American mediation wants to speed up the political process. But she cannot ignore the priority of returning. The envisaged meeting between Joseph Aoun and Benjamin Netanyahu can only make sense if it deals with the concrete conditions in the villages. A summit that would speak of peace without a withdrawal schedule and a return mechanism would be difficult to defend in Lebanon.

Beirut must therefore bring a simple request to Washington: the truce must be measured by the number of families who can return safely. It shall be measured by lowering the impact. It shall be measured by emergency access. It shall be measured by reopening the roads. It must be measured by the end of destruction.

This language allows to move the debate. It prevents the discussion from being limited to Israeli security assurances. It recalls that Lebanese security also exists. It begins with the protection of civilians and the return of the inhabitants. It can’t be secondary.

Return as a condition for credible peace

A peace that does not bring the inhabitants back to their villages will remain abstract. It can be announced from Washington. It can be hailed by foreign capitals. But it will not change the reality of families if houses remain destroyed, land is banned and roads remain dangerous.

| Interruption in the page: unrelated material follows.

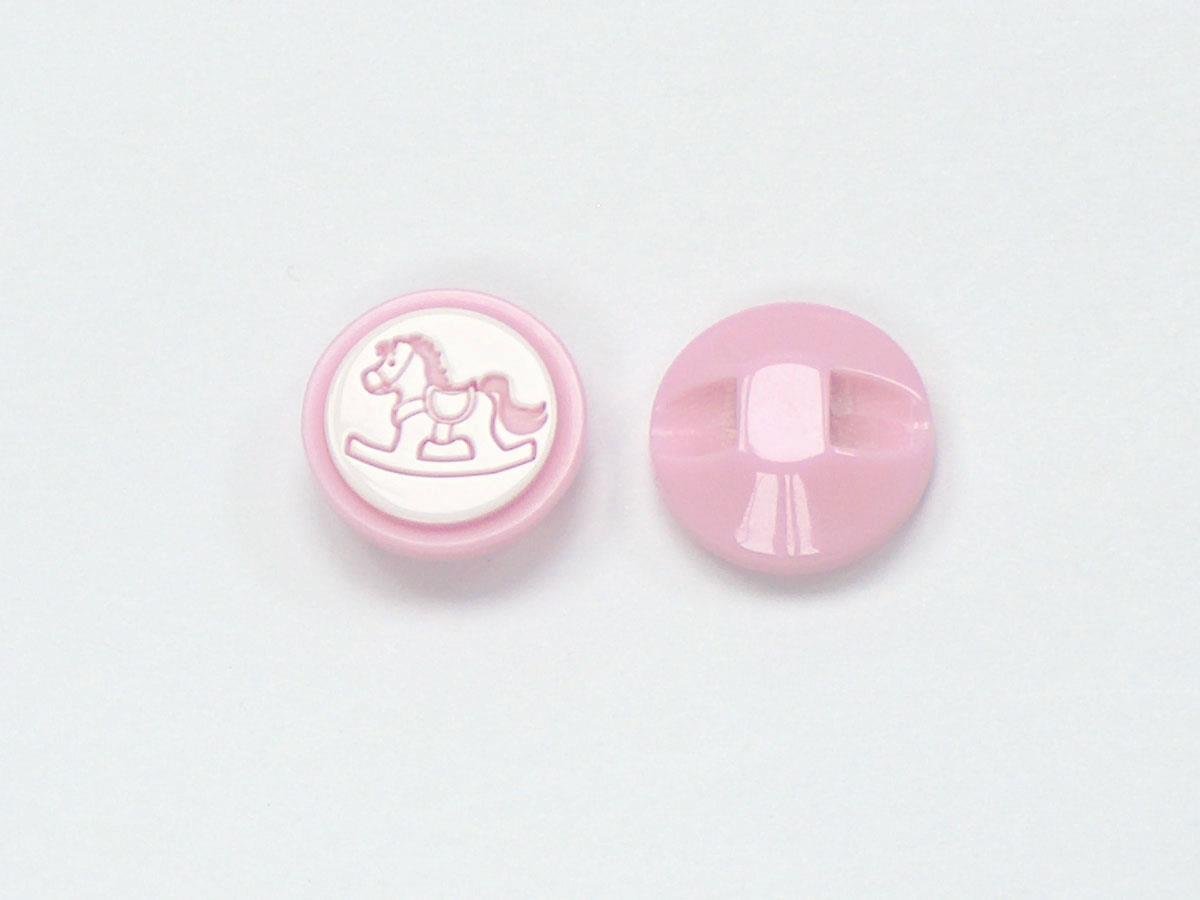 5 Rocker Figure Buttons Pink, White 15mm long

Lebanon must therefore make return a non-negotiable point. This return must be safe, dignified and verifiable. It must be under state protection. He must be accompanied by reconstruction aid. It must also respect the right of the inhabitants to recover their property and land.

The three-week truce can be useful if it opens this path. It will be insufficient if it is only used to prepare a political photo. In southern Lebanon, people are asking not only for an end to the fighting. They’re asking for the right to go home. As long as this right remains suspended, the truce remains unfinished.